Wednesday, April 01, 2009

A Primer on Being PC

The following is a brief treatise on what it means to be Politically Correct. Thus, you can determine if you are of the Politically Correct crowd or not.

The term Politically Correct is hardly a new concept. It’s only that in recent years we have seen the emergence of this adjectival description perpetrated through the media in a pejorative sense. Words, in their simplest form, are intended to convey ideas, meaning and information. A person who uses words well is thought to be lucid, capable of conveying thoughts, ideas and beliefs in a clear and understandable manner.

Enter: Political Correctness.

With the advent of this term into common parlance, the way in which people of all strata speak comes under close scrutiny by those who are expecting to be insulted, mocked, or in some other manner, verbally denigrated. Thus the free expression of ideas is hampered, casting a shroud of fear on the speaker lest the words used are deemed inappropriate by the listener. Case in point: In 2007, then Senators Joe Biden and Barack Obama had a dust up over the use of a word that under normal circumstances would never be thought to be inappropriate. The word that caused a minor rift between the two Democrat presidential candidates was: articulate. As reported, Senator Biden said that Senator Obama was “articulate.” Supposedly Senator Obama was offended. Why? It is purportedly offensive because it implies that the speaker thinks not all African Americans are articulate and that Senator Obama distinguishes himself only to whites because he is perceived to be more like them.
Here’s where Political Correctness goes beyond the pale. When the use of a word under normal communication is twisted in such a way as to pervert the meaning of the word and the intent of the user, then nothing is sacrosanct from such fractured distortions. Did Senator Biden intend to cast such an aspersion on Senator Obama? I seriously doubt it.

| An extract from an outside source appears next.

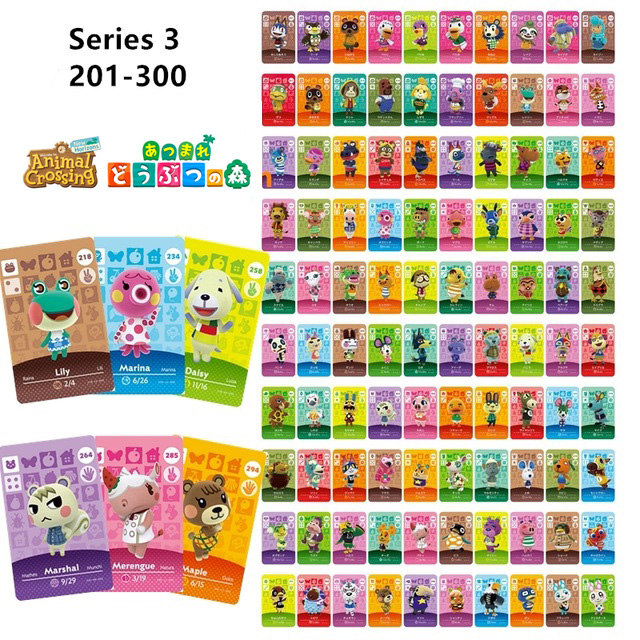Series 3(201--300) Animal Crossing Game Villager Amiibo Card for Nintendo Switch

A number of years ago I ran into a military chaplain I had previously served with. I was delighted to see him. After hugging each other I spontaneously said, “Man, I haven’t seen you in a coon’s age!” He gave me a quizzical look and just shook his head. It didn’t immediately occur to me that this phrase might be offensive to him. Since he is African American, I can only assume he thought I was using the term “coon” in the slang and offensive manner used in reference to someone who is black. Such a thing never occurred to me. I was speechless! It was my intention to use the term “coon’s age” in the manner it was first intended – a period of five to ten years – the average number of years a raccoon might live in the wild. Alas, this is not what was understood by my chaplain colleague.

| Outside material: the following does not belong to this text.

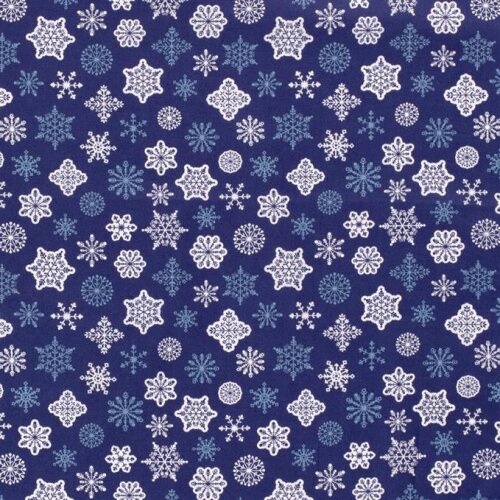 Katoen popeline sneeuwvlokken - blauw/wit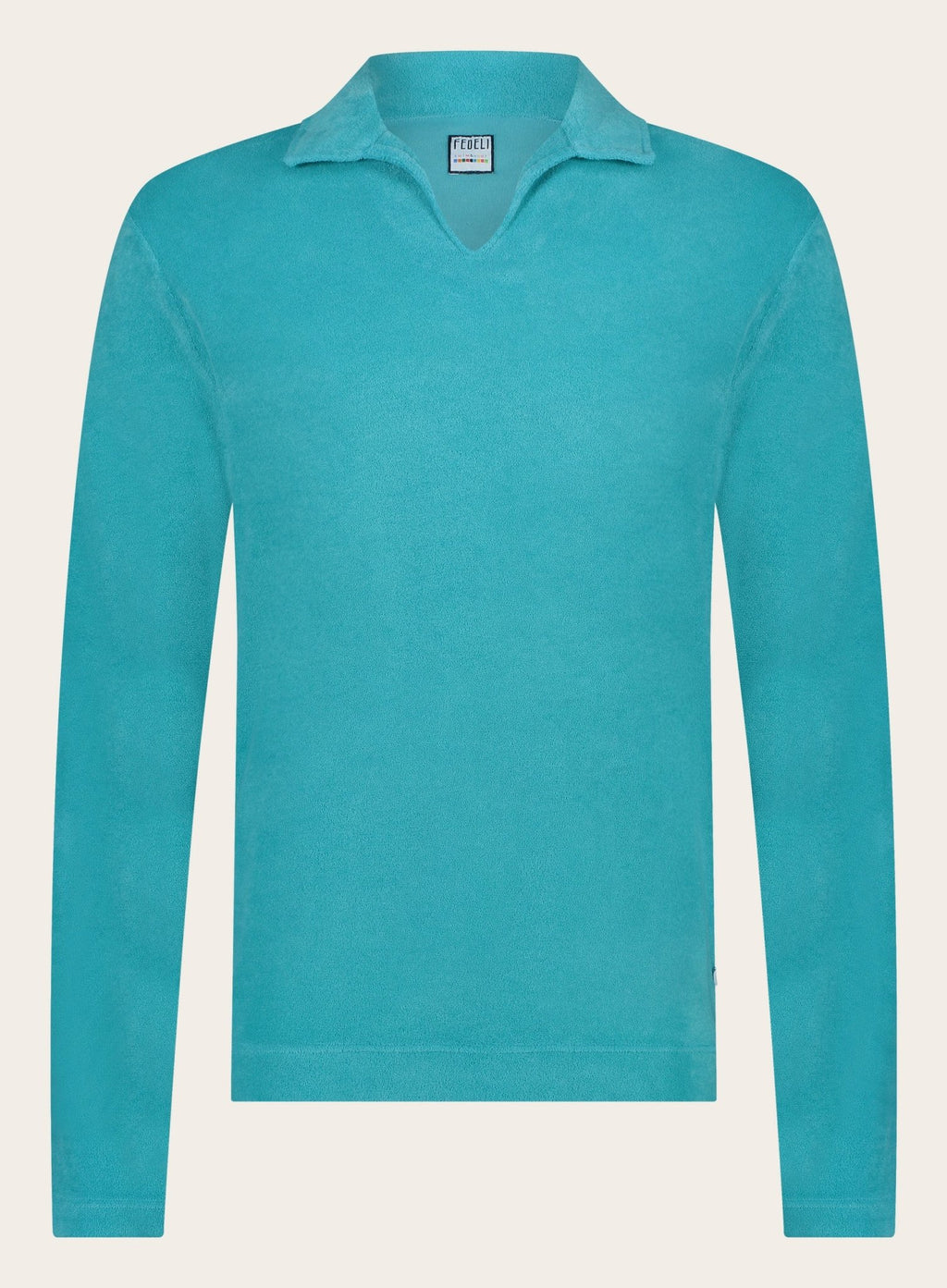 Poloshirt met lange mouwen van badstof | Turqoise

There are many words that are clearly offensive and derogatory and should not be used in the ordinary communication of ideas. Labels that place someone in a certain category are both hurtful and unnecessary. But do we really want the “Thought Police” to dictate what can and cannot be said? It’s frightening to envision a world where we are not free to express ourselves, even if the words we use are offensive. Apart from most sports programs, news shows, and 1950s TV programs (like: “I Love Lucy”) there are way too many programs that are filled with vulgar, profane, and faith-offensive words. Ditto for most movies.

Though politically correct speech goes back to the late 1700s in this country, it has enjoyed resurgence in the past several decades, fueled by a media that no longer reports news, but instead works at fostering disharmony between individuals and groups. There is an ever increasing attempt on the part of the media to publicly embarrass elected officials by pointing out their misuse of words (ala: former Vice President Dan Quayle and former President George W. Bush). Or, as in the case of then Senator Biden, take a perfectly good word that was used properly and was intended as a compliment, and turn it all around so as to place the senator in a fabricated hot seat.

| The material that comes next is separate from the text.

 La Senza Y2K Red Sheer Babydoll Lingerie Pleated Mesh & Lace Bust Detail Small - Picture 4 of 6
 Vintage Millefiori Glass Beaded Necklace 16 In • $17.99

The Bible gives some very clear instruction concerning the use of words, and the manner in which we should speak. Paul tells the Ephesian Christians, “Do not let any unwholesome talk come out of your mouths, but only what is helpful for building others up according to their needs, that it may benefit those who listen.” I like the way a modern translation, The Message, puts this: “Watch the way you talk. Let nothing foul or dirty come out of your mouth. Say only what helps, each word a gift.”

David offers this as a prayer concerning the use of words in Psalm 141:3, “Set a guard over my mouth, O Lord; keep watch over the door of my lips.” Sounds like good advice!

Even when we speak clearly there may still be those who willingly choose to misconstrue or twist our words, giving them meaning that was never intended. You cannot control this blatant attempt at misrepresentation. But you can speak your words with grace and dignity so that those who do attempt to embarrass you will be ashamed in the effort. God knows your heart.